### EXERCISE
Everything in the listing below needs restating exactly, apart from the pictures.

### MATERIAL SUPPLIED

**********

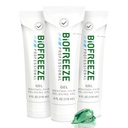Biofreeze Professional Pain Relief Gel, 4 oz Tube (3-Pack) - Rapid, răcire Relief pentru artrită, dureri musculare, articulație, spate, gât, genunchi durere & mai mult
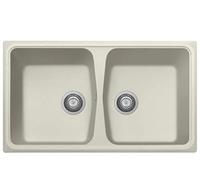 Plados Évier en quartz de cuisine encastré SP0862 deux baignoires - Jasmine
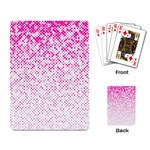 Halftone Dot Background Pattern Playing Card Back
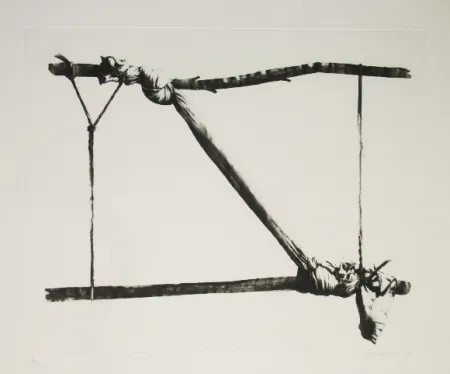 Etching And Aquatint Titus Carmel - Agrès 1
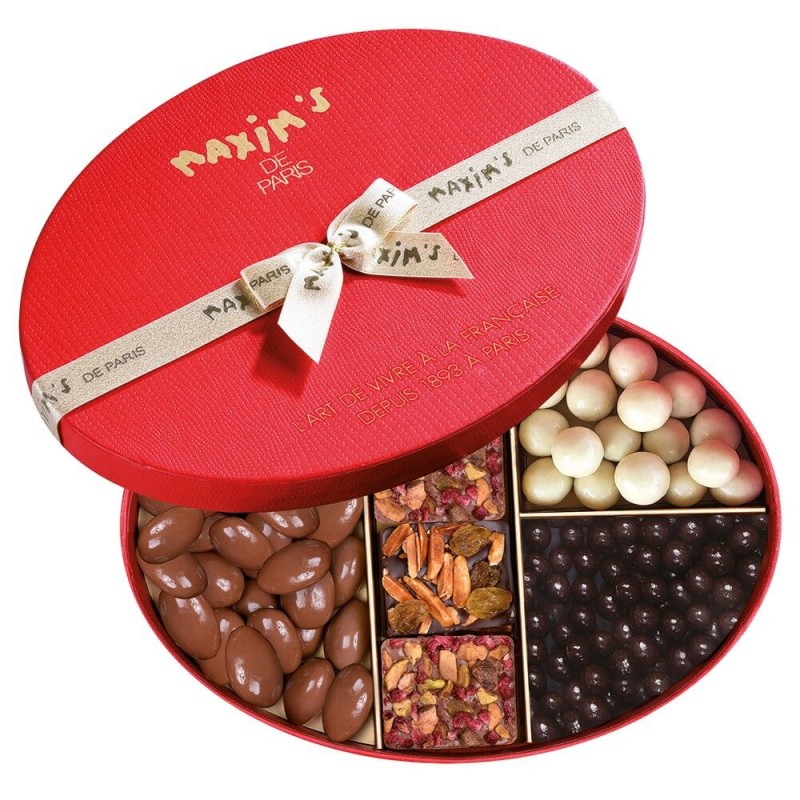 Red Hat-box of Assorted Christmas chocolates-Gift-Baskets-Maxim's shop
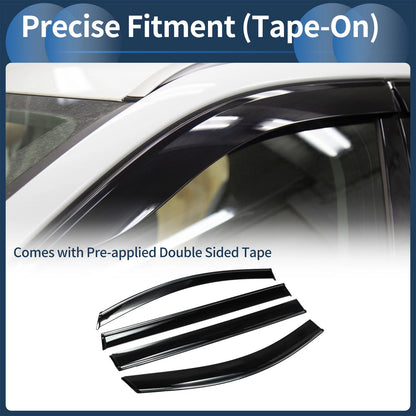 Window Deflectors 1 Set Side Window Vent Visors for Toyota Sienna (2011–2011)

**********

### SOLUTION FOR THIS EXERCISE
Biofreeze Professional Pain Relief Gel, 4 oz Tube (3-Pack) - Rapid, răcire Relief pentru artrită, dureri musculare, articulație, spate, gât, genunchi durere & mai mult
 Plados Évier en quartz de cuisine encastré SP0862 deux baignoires - Jasmine
 Halftone Dot Background Pattern Playing Card Back
 Etching And Aquatint Titus Carmel - Agrès 1
 Red Hat-box of Assorted Christmas chocolates-Gift-Baskets-Maxim's shop
 Window Deflectors 1 Set Side Window Vent Visors for Toyota Sienna (2011–2011)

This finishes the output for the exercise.